From the records below, please repeat exactly the line that has "Image: Nice catch", the line that has "May include: A", and every line between them, and nothing else.

[Records Boundary: Start]

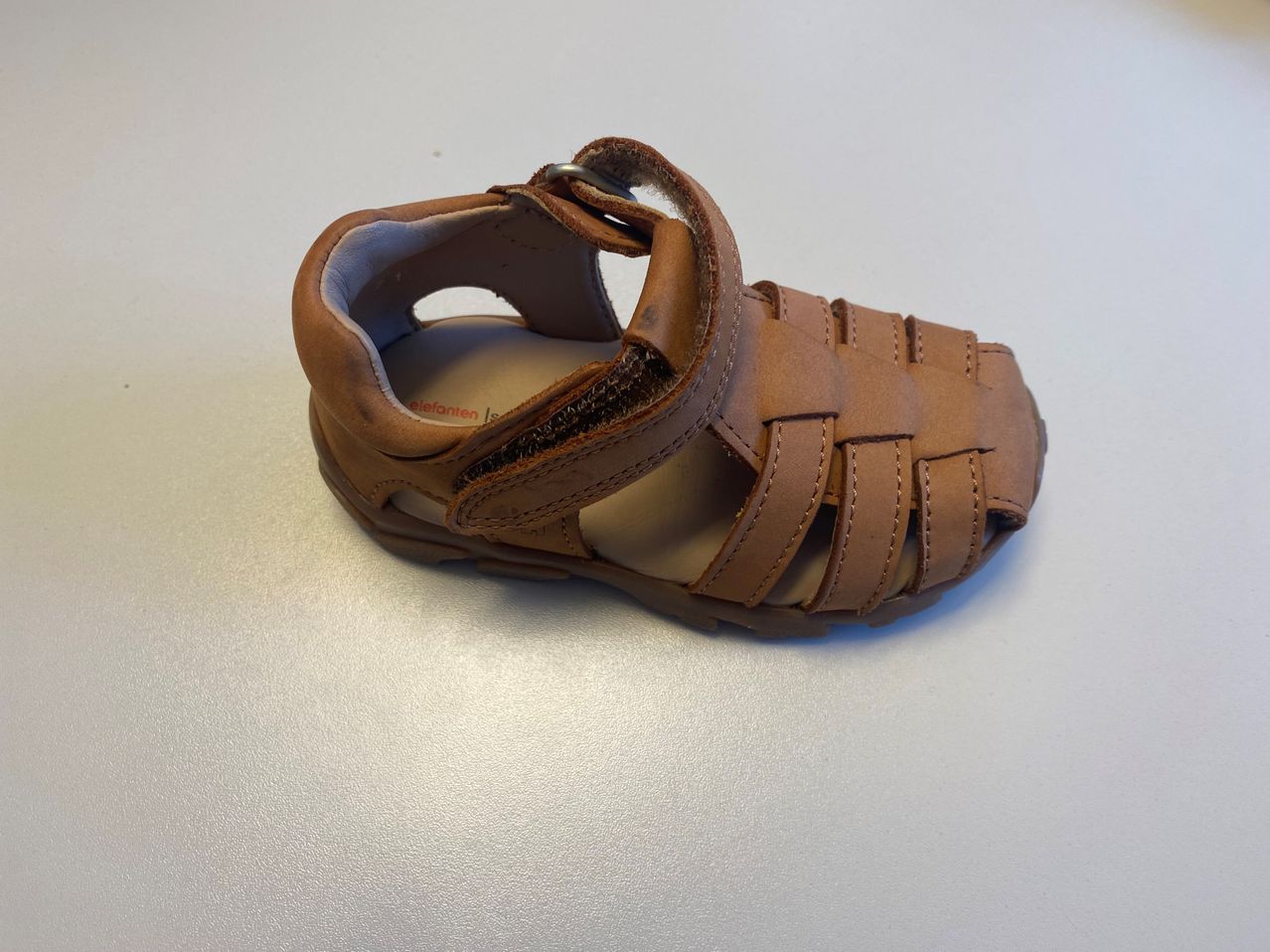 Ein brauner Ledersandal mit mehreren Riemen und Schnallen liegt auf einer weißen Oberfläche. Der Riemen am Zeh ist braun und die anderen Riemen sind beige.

[Records Boundary: End]
[Records Boundary: Start]

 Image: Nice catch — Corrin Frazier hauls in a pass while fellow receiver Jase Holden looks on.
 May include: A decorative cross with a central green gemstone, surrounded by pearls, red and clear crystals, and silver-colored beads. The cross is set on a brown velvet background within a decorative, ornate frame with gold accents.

[Records Boundary: End]

> [Output]
 Image: Nice catch — Corrin Frazier hauls in a pass while fellow receiver Jase Holden looks on.
 May include: A decorative cross with a central green gemstone, surrounded by pearls, red and clear crystals, and silver-colored beads. The cross is set on a brown velvet background within a decorative, ornate frame with gold accents.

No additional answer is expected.